Beyond Inclusion: Equity in Public Engagement proposes eight principles to support the meaningful and equitable inclusion of diverse voices in public engagement processes across sectors.

Invite participation within an authentic and accountable engagement process 

Authentic public engagement does not have pre-determined conclusions or expected outcomes. Decision-makers are genuinely interested in the public’s input and responsive to what they hear. Clarify the degree of influence participants can have on the final decision in order to set realistic expectations.
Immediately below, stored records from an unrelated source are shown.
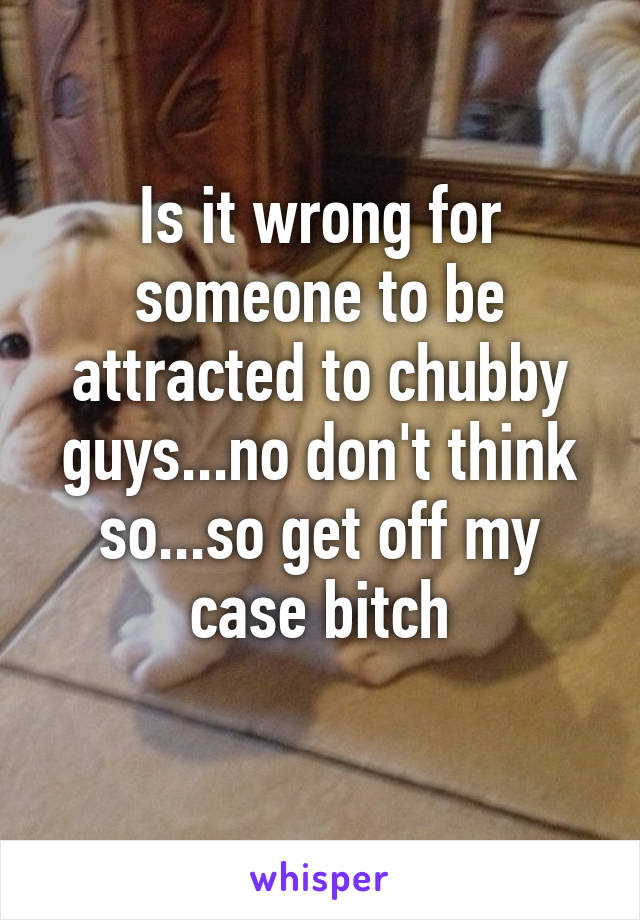 Is it wrong for someone to be attracted to chubby guys...no don't think so...so get off my case bitch
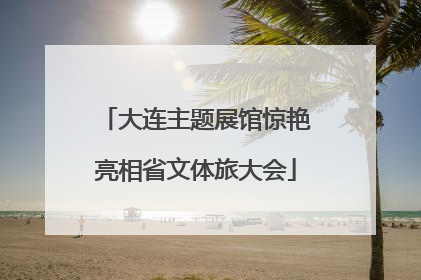 大连主题展馆惊艳亮相省文体旅大会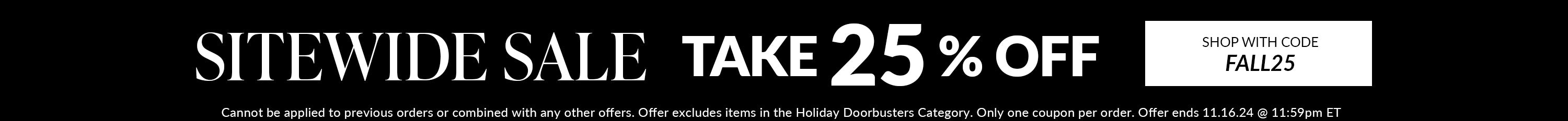 sitewide sale take 25% off sitewide with code FALL25 Cannot be applied to previous orders or combined with any other offers. Offer excludes items in the Holiday Doorbusters Category. Only one coupon per order. Offer ends 11.16.24 @ 11:59pm ET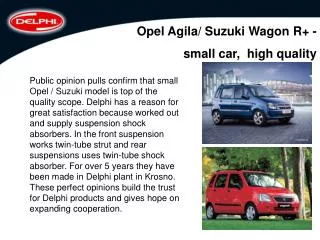 Opel Agila/ Suzuki Wagon R+ - small car, high quality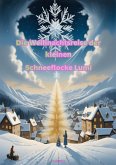 Die Weihnachtsreise der kleinen Schneeflocke Lumi (eBook, ePUB)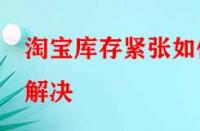 淘寶庫(kù)存緊張如何解決？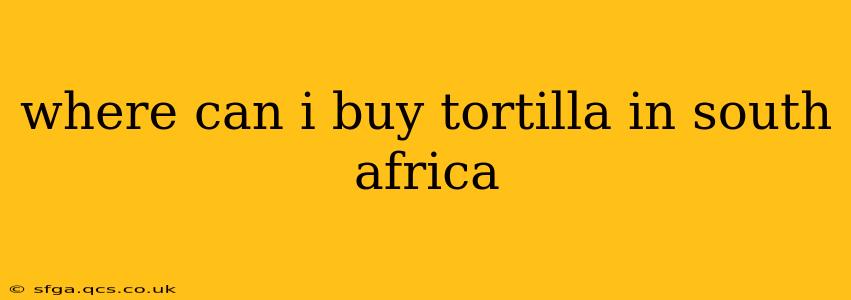 where can i buy tortilla in south africa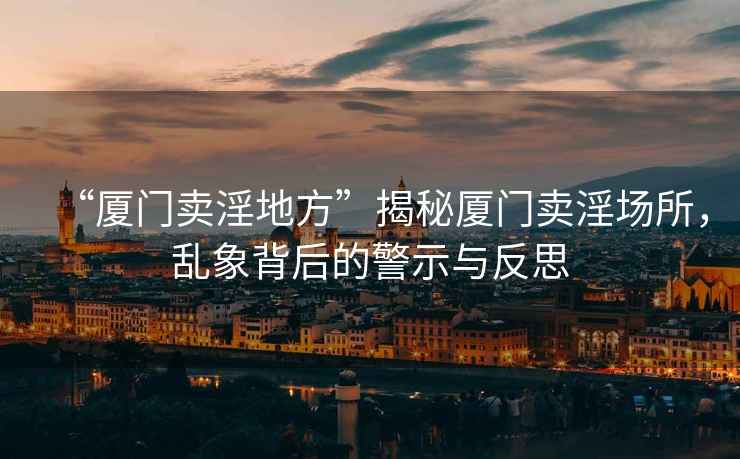 “廈門賣淫地方”揭秘廈門賣淫場所，亂象背后的警示與反思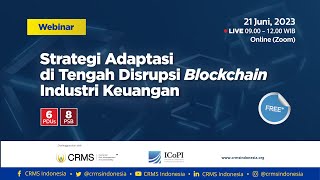 Webinar: Strategi Adaptasi di Tengah Disrupsi Blockchain Industri Keuangan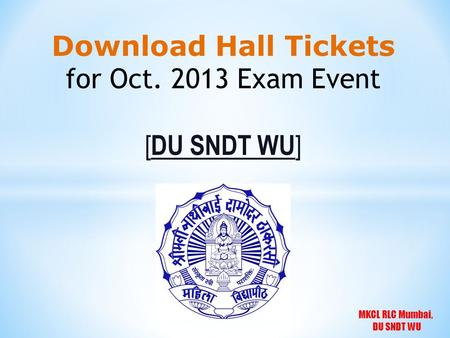 Download Hall Tickets for Oct. 2013 Exam Event [DU SNDT WU]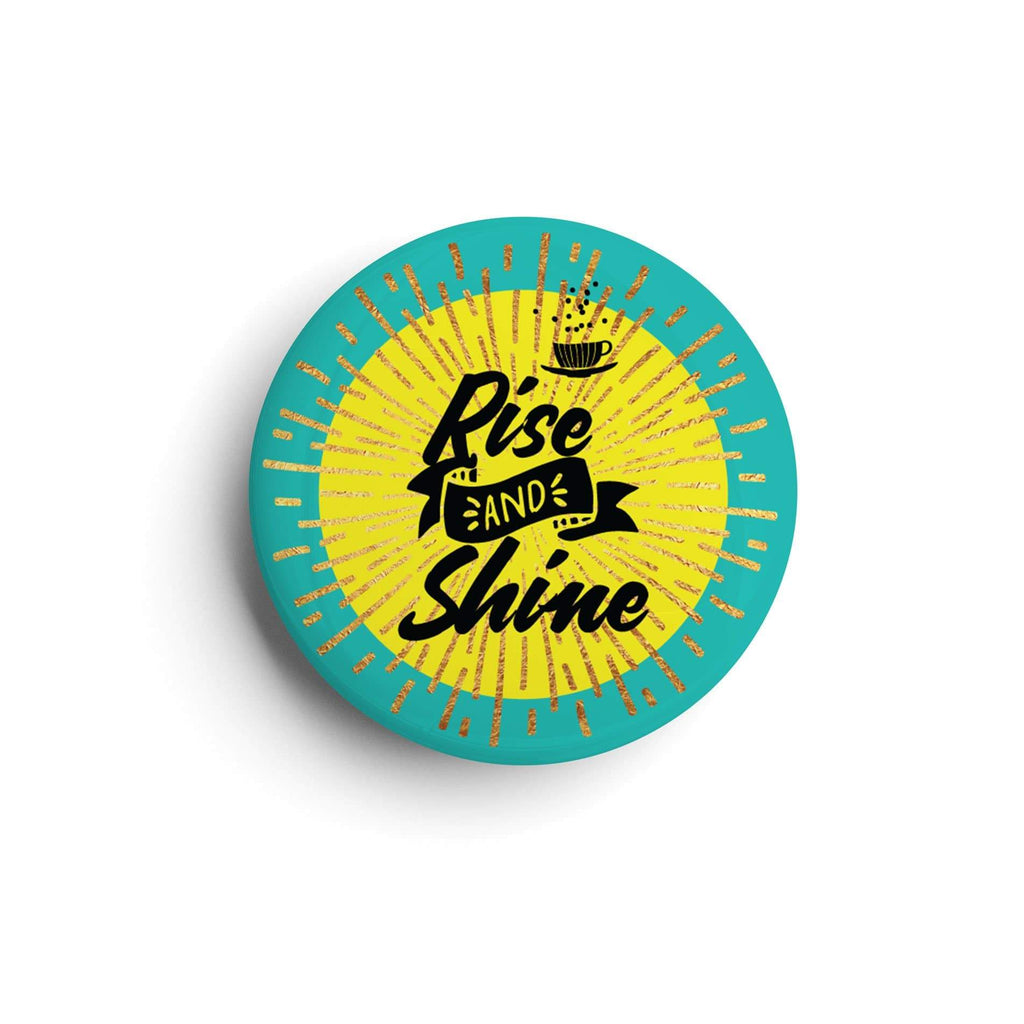 Rise and Shine | Badge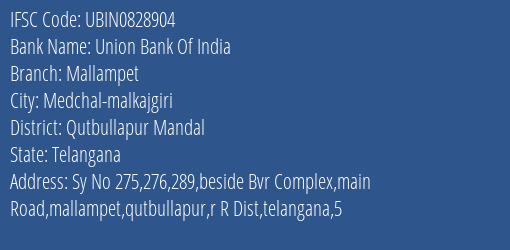 Union Bank Of India Mallampet Branch Qutbullapur Mandal IFSC Code UBIN0828904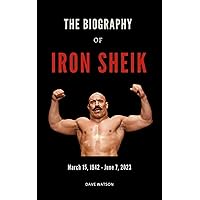 The Biography of IRON SHEIK: The Untold story of the Wrestling Legend and WWE Champion | Legendary Rivalries with Hulk Hogan | The Life and Time of an Iconic Wrestler (Books of Legends) The Biography of IRON SHEIK: The Untold story of the Wrestling Legend and WWE Champion | Legendary Rivalries with Hulk Hogan | The Life and Time of an Iconic Wrestler (Books of Legends) Kindle Paperback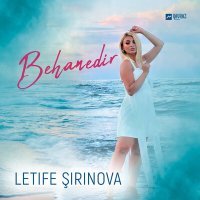 Постер песни Letife Sirinova - Behanedir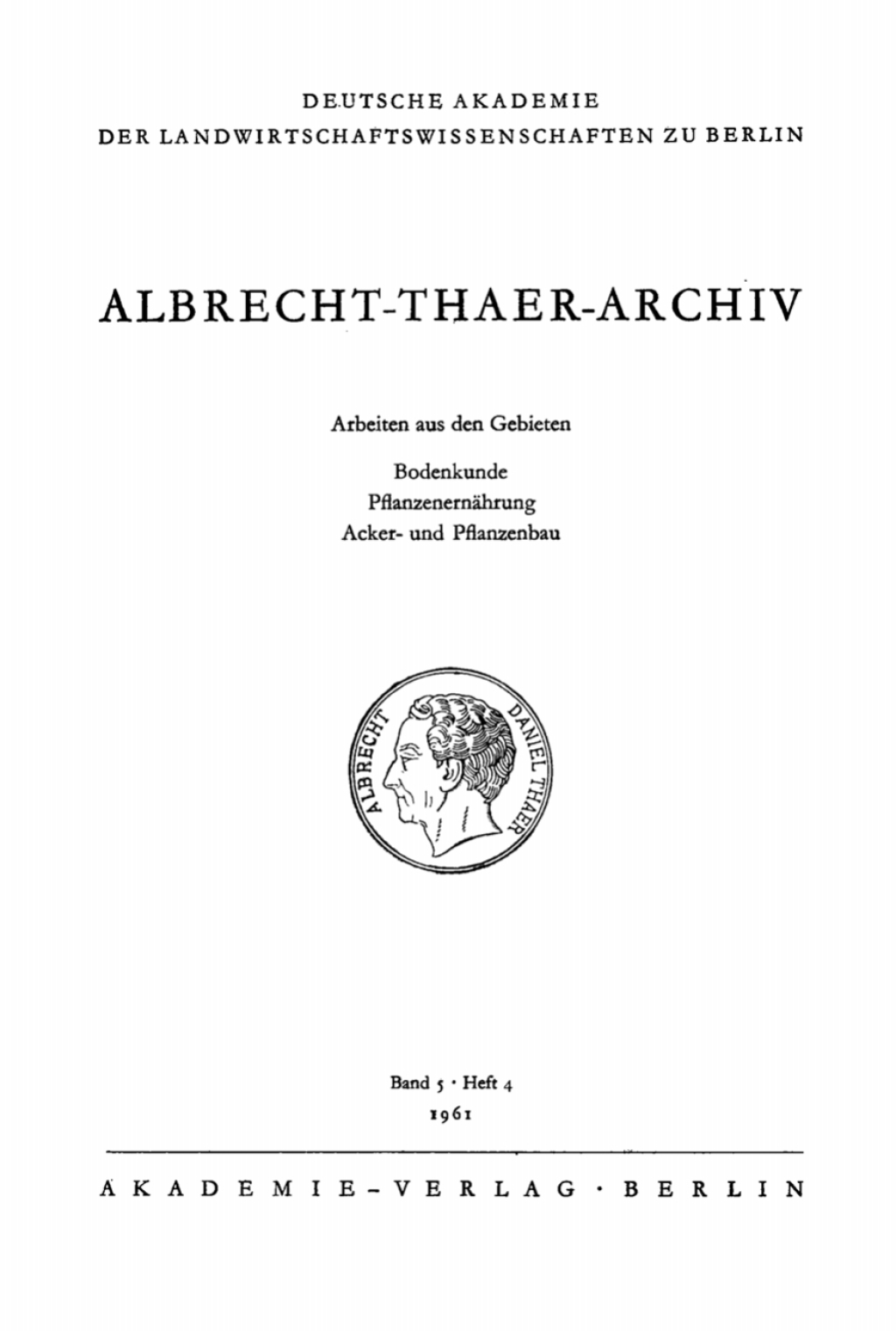 Albrecht-Thaer-Archiv. Band 5, Heft 4 1st Edition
Follow through with commitments and communicate outcomes transparently to foster trust in engagement processes.

Plan early and proactively

Design the entire engagement plan with the aim of maximizing inclusion and equity, including budgets, timelines, scoping and framing, outreach and communication, process design, evaluation and follow-up. Anticipate and address inequities or potential barriers to participation before community members are discouraged from participating or are forced to advocate for themselves.

Establish respectful relationships with Indigenous Peoples

In recognition of Indigenous Peoples’ ancestral ties to the land and their inherent rights, advance reconciliation and decolonization by equitably addressing the impacts of past and present-day colonialism, honouring and centering Indigenous knowledge and worldviews, and fostering trusting, reciprocal and collaborative relationships with Indigenous Peoples, when specifically engaging Indigenous Peoples, or when engaging other communities on ancestral Indigenous territories. 

Engage the internal diversity of a community

Community members who share one aspect of their identity or experience may hold very different perspectives on an issue and may face different barriers to participation. Apply an intersectional approach to engagement to hear from diverse members of the communities who may be impacted by a decision.

Work in reciprocal relationship with communities

Equitable public engagement is founded on trusting, respectful, collaborative and reciprocal relationships with communities. Dedicate time and resources to relationship building and share power to co-create mutually-beneficial and accessible engagement processes.

Tailor engagement plans to the context

In consultation with partners and participants, tailor engagement plans to suit the particular topic, objectives, location, available resources, key audiences, and individual participant needs. Distribute resources equitably in order to meet the needs of those who face the greatest barriers to participation.

Commit to ongoing learning and improvement

After establishing a baseline understanding of inclusive, equitable and accessible engagement practices, develop capacity over time by engaging in reflection, evaluation, and ongoing professional development.

Advance systemic equity 

Power inequities, colonialism, and systems of discrimination or oppression (such as racism, sexism, ableism, classism, ageism, heterosexism, etc.) fundamentally limit participation in democracies and impact interactions within engagement processes, institutions and communities. Question longstanding norms, structures and power relationships, and work to advance diversity and equity in systems and leadership.

Download your free copy of the Beyond Inclusion guide to learn more about these principles alongside:

  • Concrete strategies to help enact these principles and address barriers.
  • Suggested approaches to common challenges practitioners face.
  • Real-world case studies illustrating the principles in action.
  • A discussion of what inclusion, equity and accessibility mean within public engagement.
  • A list of further resources to support inclusive engagement

Simon Fraser University’s Morris J. Wosk Centre for Dialogue developed the Beyond Inclusion guide through a participatory research and consultation process from 2019-2020 involving community members, engagement practitioners, and representatives from governments and civil society. While we began with a framework of inclusion, participants emphasized the importance of equity—building reciprocal relationships and sharing power with communities to co-create accessible and meaningful engagement processes.